Patrick:  This is organized.

 

Alex:      Yeah, he wanted to compose something there.

 

Patrick:  And he involved everybody. He was involving his sister. He was involving my mom. He wanted everybody to participate. He wanted everybody to have a good time, and laugh, and enjoy the experience. So, it was much more than just an exploration for his next comic book too, because it was a way of involving people, and having fun.

 

Alex:      Yeah, yeah, having fun. That’s right. Having a good time, and doing unique stuff too. It’s not like the neighbors are doing that stuff.

 

Patrick:  No.

 

[chuckles]

 

Alex:      Of course, there was a video you showed me of him kind of dressed as a baby in the baby’s crib. His humor work from here to Insanity to cracked. It seemed like he was a funny guy.

 

Patrick:  He was.

 

Alex:      He made a lot of jokes. What were kind of impersonations… What were some of the funny things he was doing?

Pat:        He’d do things, like when he’s making Bobáľky. He would count them. I mean that wasn’t funny, but to us it was funny. Why would anybody want to count all the Bobáľky anyway?

 

Patrick:  It’s a traditional Slovak dish. It’s made with tiny bread balls. Each one is rolled and placed into a pan and then baked and broken apart.

 

Alex:      I see.

 

Patrick:  So, there’s probably, 120 balls on a sheet, and he had notes. My cousin found a notebook, didn’t keep it, fortunately. This year the dough didn’t rise very well. We only yielded 896 Bobáľky balls.

 

Alex:      Oh, I see. Yeah, yeah, yeah..

 

Patrick:  Like he was counting each.

 

Alex:      But there was also a sarcasm too.

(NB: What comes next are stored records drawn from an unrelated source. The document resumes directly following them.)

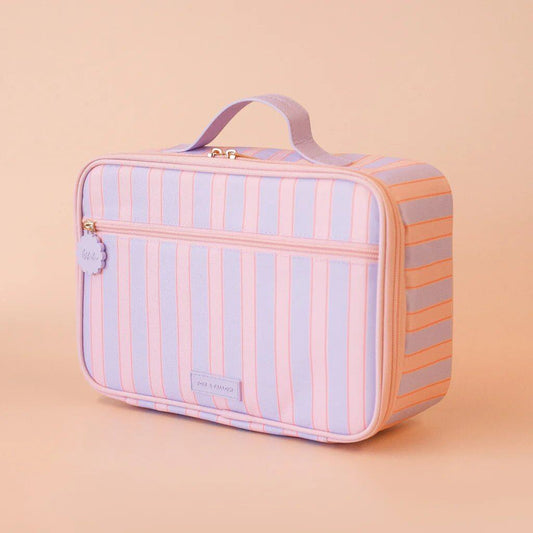 Powder Stripe Large Lunch Bag – Aster & Ruby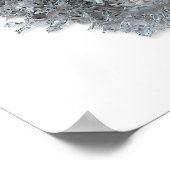 Elemental Abstract Art: Crystallized Guardian Lion Poster (Hoek)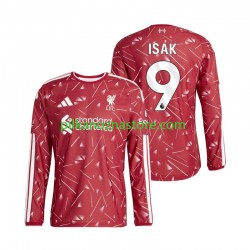 Liverpool Alexander Isak 9 Koszulka Męska Domowy 2026-2027 Długie Rękawy Liverpool Alexander Isak 9 Koszulka Męska Domowy 2026-2027 Długie Rękawy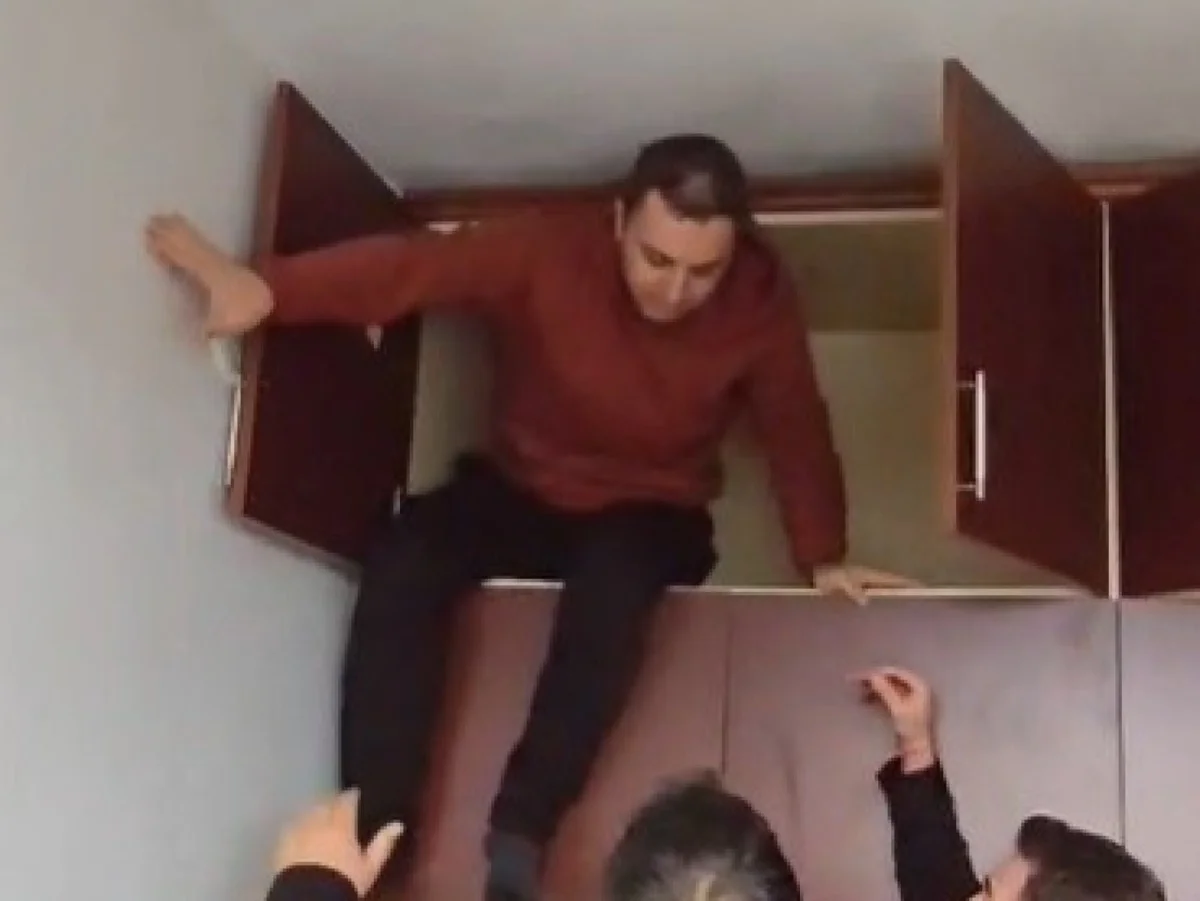 49 suçtan aranıyordu: Yakalandığı yer pes dedirtti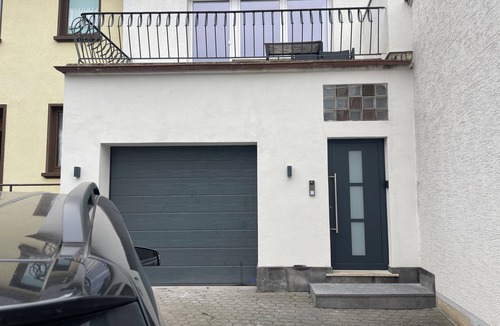 Bruttig House | Vacation home Mosel-Wohnen I in Ferienland Cochem -balcony, sauna, garage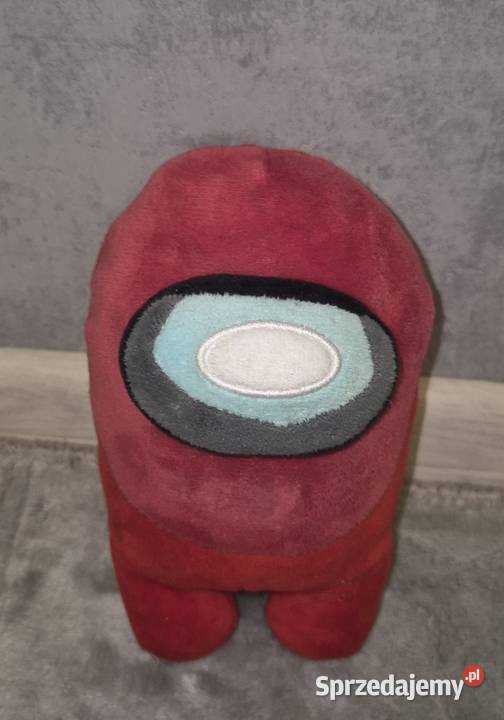 Among US plush pluszak maskotka czarny Łódź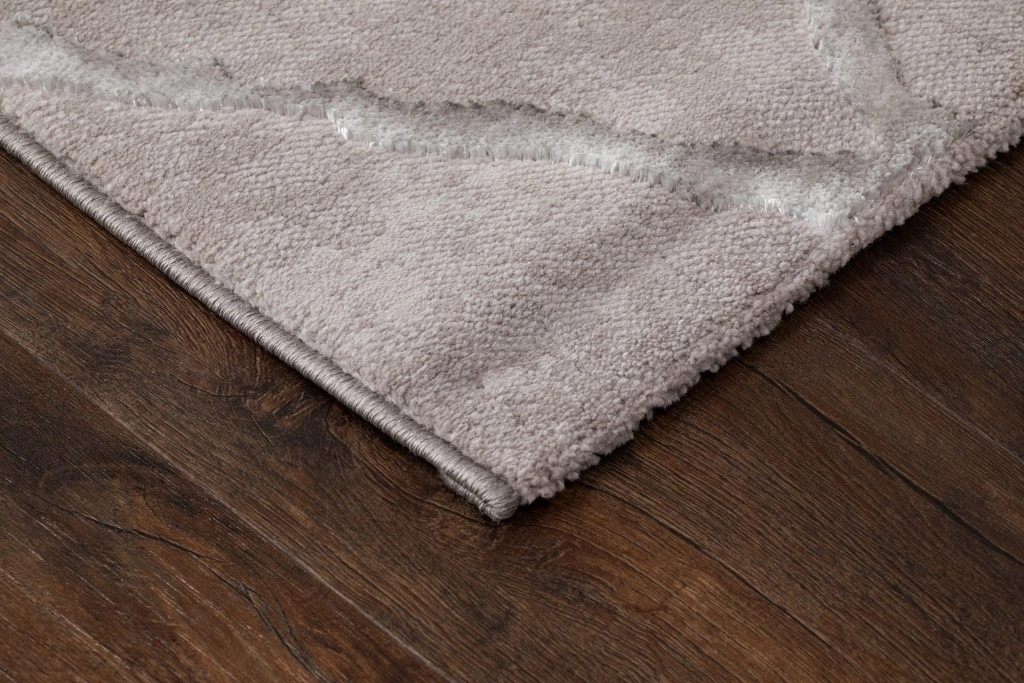 Karat Romb Grå – Gångmatta - Bild 2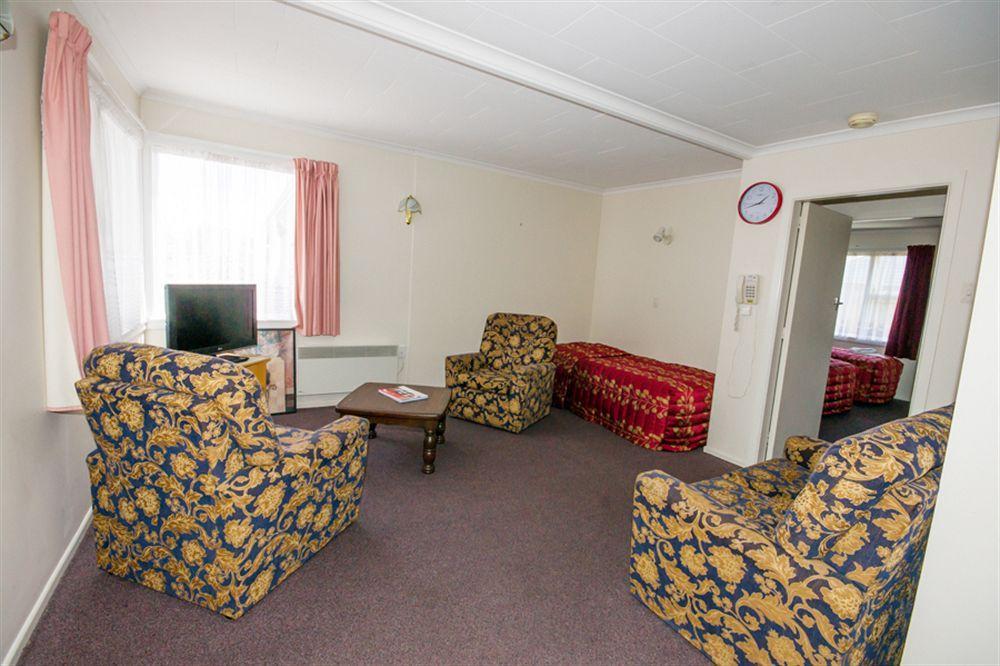 Arcadia Motel Christchurch Bagian luar foto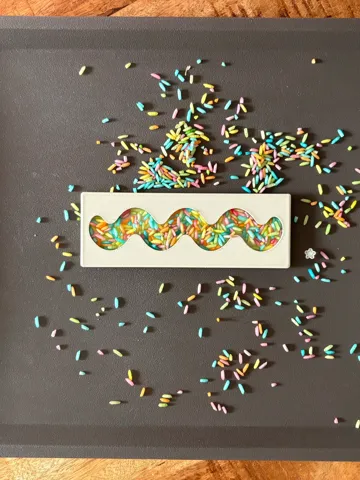 Bandeja organizadora: Pre-Writing Stroke Stamps for Sensory Play — vista de referencia 2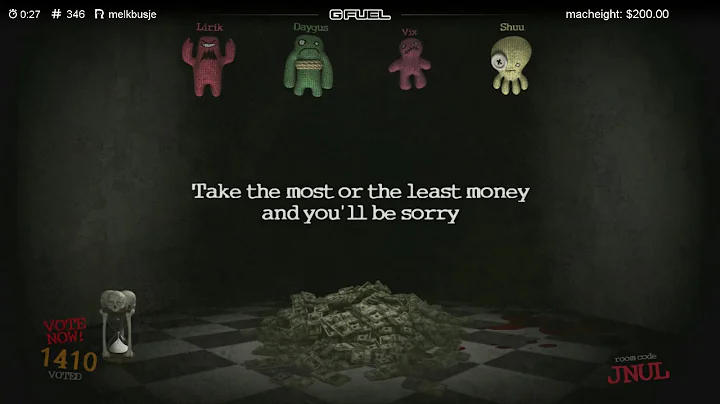 QUIP LASH - Jackbox party | Lirik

There’s a humor there though.

 

Pat:        Oh, yeah. Absolutely.

 

Alex:      There’s a humor that’s kind of unique.

 

Pat:        I mean I know we had a ball when he did that.

 

Patrick:  So, we do have the pictures of him baking.

 

Alex:      Oh, yeah. There we go. Yeah, and that’s Steve baking there…

 

Patrick:  So, the takeaway clip from that whole segment would be, he would come back and bake.

 

Alex:      Yeah… He’s a family dude.

 

Patrick:  People don’t think of this inaccurate portrayal of him as a recluse… He was a pretty regular guy. He liked regular things. He liked hanging out with family. He liked bacon. He worked the grill.

 

It wasn’t like he was above anything, that he came from New York, and everybody was like, “Oh, Steve’s here.” Yeah, we rolled out the red carpet, and yeah everybody was glad to see him, and they enjoyed that time, but it was because he was up fun guy, and that he participated.

 

Alex:      Yeah, you mentioned it earlier that there would be a lot of joking around with him, but there was always a sense of being careful with pushing it too far with him, is that right? You didn’t want to unnerve him or insult him?

 

Pat:        I would say you watched yourself, yeah.

 

Alex:      Why is that, you think?

 

Pat:        Well, just because I don’t think you’d want to say anything that we get into confrontation about something. That wasn’t, any one of my family is not like that, and I don’t think he was.

 

Patrick:  Non-confrontational.

 

Pat:        Yeah.

 

Patrick:  Nobody was pushing buttons, trying to get a reaction.

 

Pat:        All it was, we were all together, and we were having a good time. That’s all the comedy.

 

Alex:      That’s what it was about.

 

Patrick:  Nobody was going to come and say, “Hey, Steve! How’s Stan doing these days?”

 

Pat:        Yeah boy, that would be it…

 

Patrick:  That was like not going to happen in this household.

 

Alex:      Yeah, right. That makes sense. And there’d be no reason to do that. Did you ever talk about Eric Stanton or did you ever meet him?

 

Pat:        Nope.

 

Alex:      No, but you know about Eric Stanton though.

 

Pat:        Well, yeah. After a while, you learned.

 

Alex:      You learned about him after.

 

Patrick:  Even the both of us, just over the last few years.

 

Alex:      Over the last few years. Yeah, because Eric Stanton had some Eastern European background too of some kind.

 

Pat:        Okay, yes.

 

Alex:      So, is it possible that although they both shared a studio for like 10 years, possibly dated together, is it possible that there could have been also just a shared Eastern European feeling toward with one another?

 

Patrick:  I wouldn’t be surprised…

 

Pat:        Yeah, I wouldn’t either..

 

Patrick:  Because I believe that after Stanton he went solo, right? His studio after, he didn’t want to share a studio with anybody else after that.

 

Alex:      Yeah, and I think after Stanton got married, and eased out, that was kind of it as far as two wild and crazy guys.

 

Patrick:  I also think that when my mom and dad went to visit him, and he opened the door, and then…

 

Alex:      He’s closing it behind him.

 

Patrick:  I think that would have been Stanton in the studio.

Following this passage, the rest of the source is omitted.